That question doesn’t get raised in town halls or captured in engagement surveys. It surfaces in the hallway conversation after the meeting. In the quiet disengagement of someone who used to give everything and now gives just enough.
The numbers make it plain. More than half of workers (53%) say they’re worried that using AI for work tasks makes them look replaceable to their employers. A nearly identical share (52%) admits reluctance to even acknowledge using AI for important tasks. These are capable, motivated professionals trying to hold onto their sense of worth in a system that keeps reshuffling the deck.
We’ve built so much of our self-concept around what we’re capable of producing. Our expertise, our judgment, our value to the organization. When a model can replicate the output in seconds, the thing under threat is the story we tell about ourselves. That story turns out to be more fragile than we thought. And more important than we ever gave it credit for.

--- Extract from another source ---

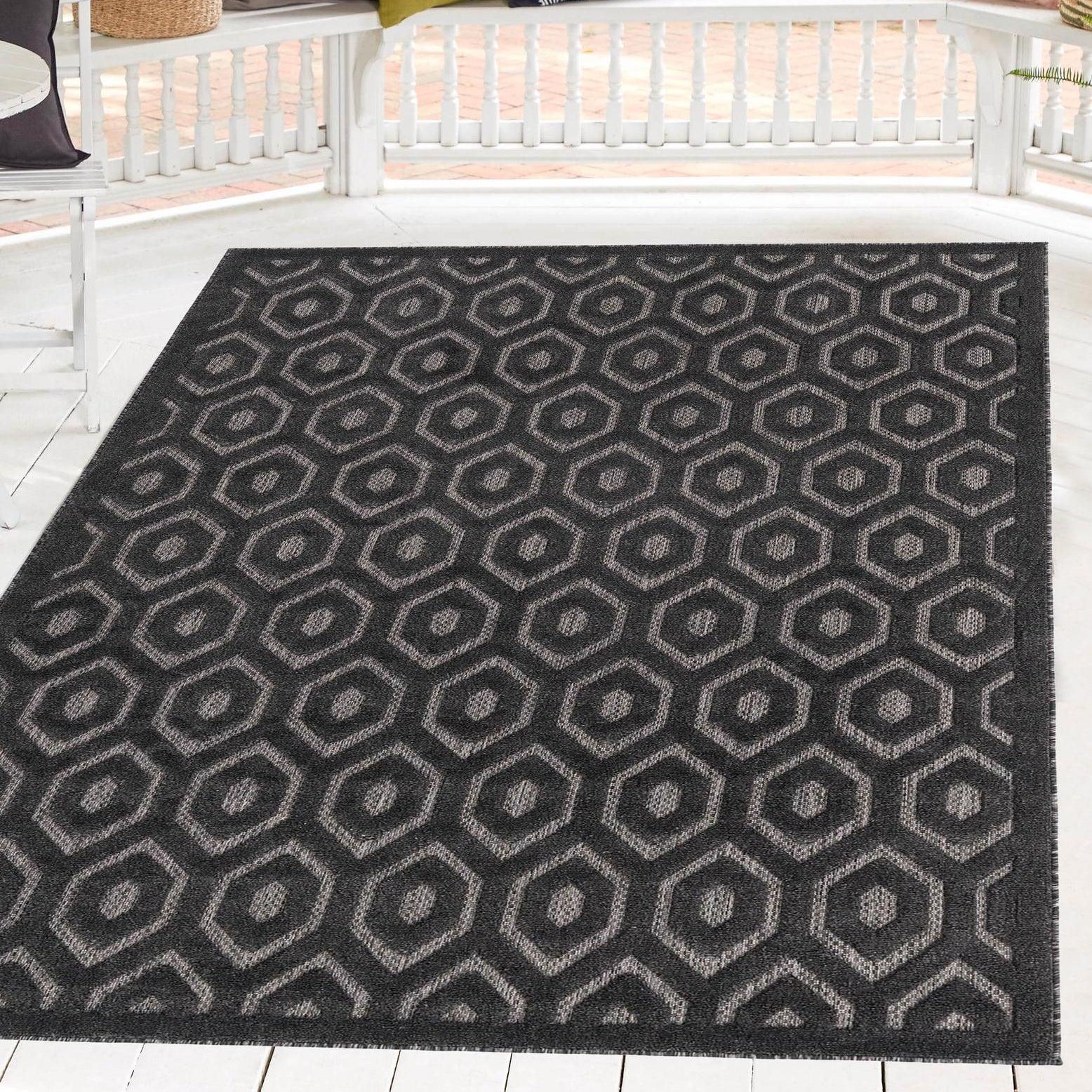 Unique Loom Outdoor Trellis Textured Collection Area Rug - Spatial (4' x 6' Rectangle Charcoal/Ivory)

The Amazing Work! newsletter exists because of a simple observation: when you ask people to describe a moment when they were genuinely thriving at work, almost none of those stories are about efficiency. They’re about being truly seen. About doing work that felt like it mattered to someone. About being trusted with something hard and having a leader who recognized it. That’s what the identity crisis is quietly eroding. And if we’re not careful, it’s exactly what we’ll optimize away.
A relational fear
The people we talk to aren’t afraid of AI in the abstract. They’re afraid of becoming irrelevant to the people they respect.
That distinction changes everything about how organizations should respond.
When the technology moves faster than culture, people fill the gap with anxiety. And anxiety left unaddressed becomes disengagement. The investment is pouring in, but the human framework to receive it is not keeping pace. At the 2025 SIOP Leading Edge Consortium on People Analytics, a recurring theme from more than 20 leading experts was blunt: winning with AI is a workforce transformation problem. A SIOP member survey found that while practitioners are broadly embracing generative AI, a strong underlying theme was clear: AI technologies should be used in conjunction with human expertise. The tools are multiplying. The strategic clarity about what humans are supposed to own is not.
People can handle hard truths. What they can’t handle is feeling like no one is thinking seriously about their place in what lies ahead.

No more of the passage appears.